▶ EXERCISE INPUTS

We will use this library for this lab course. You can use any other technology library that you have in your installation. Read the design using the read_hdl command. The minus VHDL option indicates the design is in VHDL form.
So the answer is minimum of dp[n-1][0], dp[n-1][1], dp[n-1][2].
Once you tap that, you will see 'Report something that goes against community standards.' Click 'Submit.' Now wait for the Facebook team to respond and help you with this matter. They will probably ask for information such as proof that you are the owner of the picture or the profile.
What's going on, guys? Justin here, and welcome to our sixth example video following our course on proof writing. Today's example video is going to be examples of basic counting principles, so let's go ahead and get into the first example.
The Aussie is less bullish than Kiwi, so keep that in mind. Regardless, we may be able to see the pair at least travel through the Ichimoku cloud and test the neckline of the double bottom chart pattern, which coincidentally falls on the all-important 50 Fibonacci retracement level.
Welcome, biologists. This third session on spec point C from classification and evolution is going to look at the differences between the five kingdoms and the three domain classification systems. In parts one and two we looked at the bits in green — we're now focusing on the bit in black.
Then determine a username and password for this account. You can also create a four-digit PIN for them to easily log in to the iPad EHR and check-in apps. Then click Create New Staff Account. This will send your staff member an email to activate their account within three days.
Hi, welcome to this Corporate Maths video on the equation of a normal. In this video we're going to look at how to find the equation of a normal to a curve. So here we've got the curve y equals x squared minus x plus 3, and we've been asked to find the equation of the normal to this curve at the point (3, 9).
==
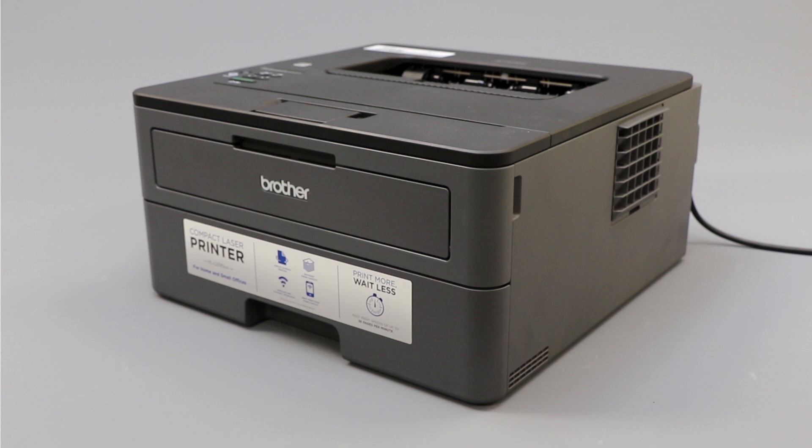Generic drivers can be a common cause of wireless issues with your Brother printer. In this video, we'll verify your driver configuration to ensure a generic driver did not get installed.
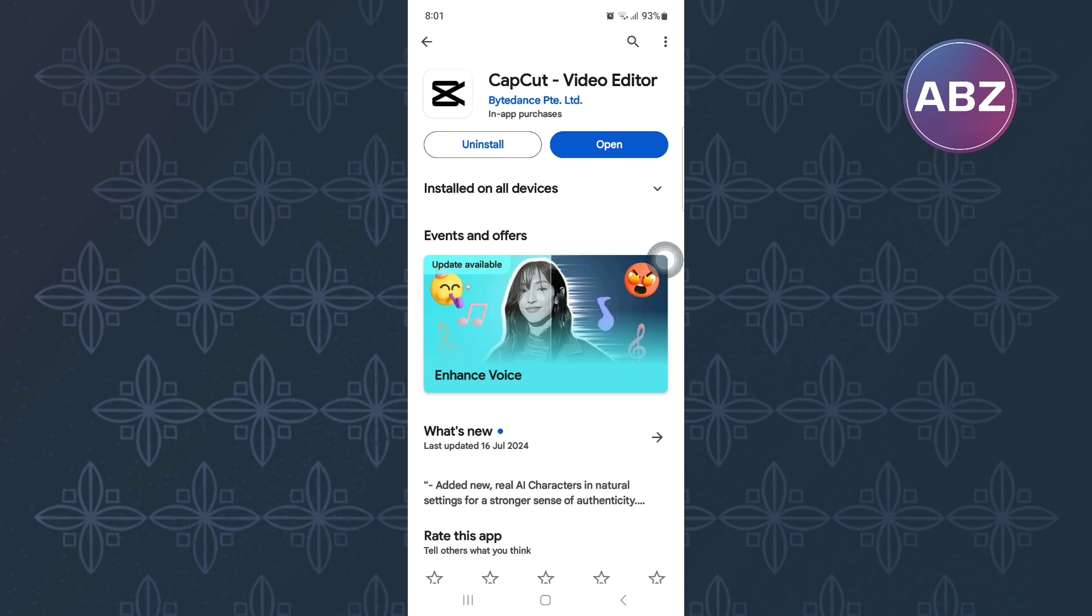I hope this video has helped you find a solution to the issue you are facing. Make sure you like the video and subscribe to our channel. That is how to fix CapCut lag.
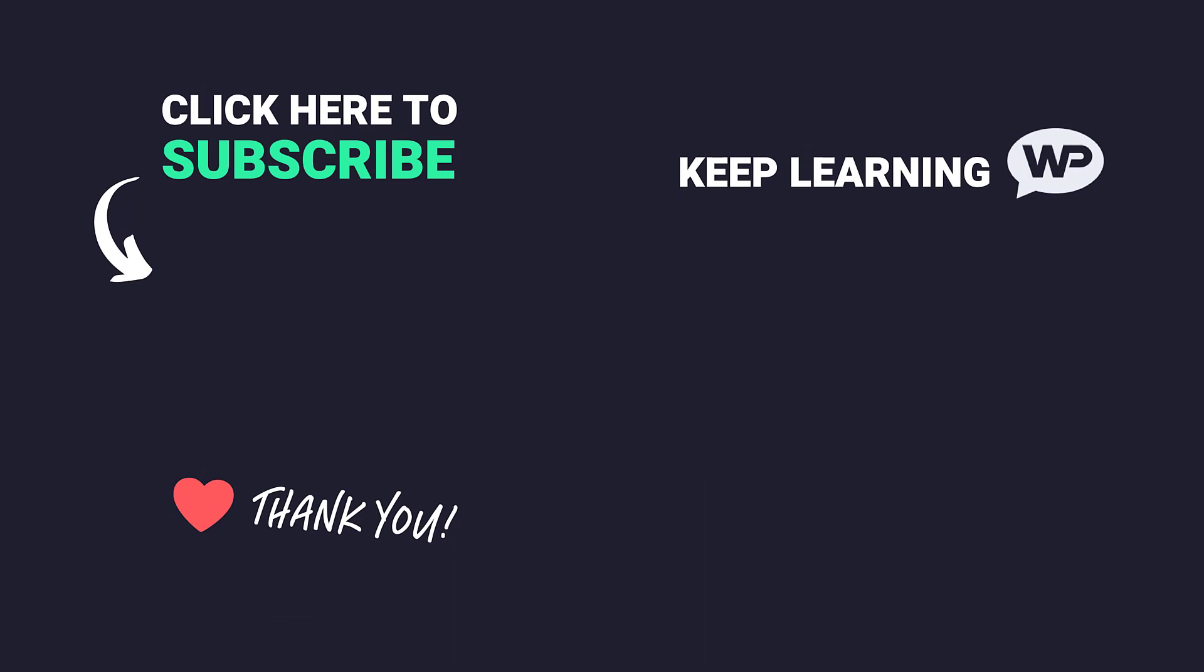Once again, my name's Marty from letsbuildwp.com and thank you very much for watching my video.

▶ PROBLEM TO SOLVE
Find the word "going" in the listing above. Copy each line where it appears.

▶ RESULT BELOW
What's going on, guys? Justin here, and welcome to our sixth example video following our course on proof writing. Today's example video is going to be examples of basic counting principles, so let's go ahead and get into the first example.
Welcome, biologists. This third session on spec point C from classification and evolution is going to look at the differences between the five kingdoms and the three domain classification systems. In parts one and two we looked at the bits in green — we're now focusing on the bit in black.
Hi, welcome to this Corporate Maths video on the equation of a normal. In this video we're going to look at how to find the equation of a normal to a curve. So here we've got the curve y equals x squared minus x plus 3, and we've been asked to find the equation of the normal to this curve at the point (3, 9).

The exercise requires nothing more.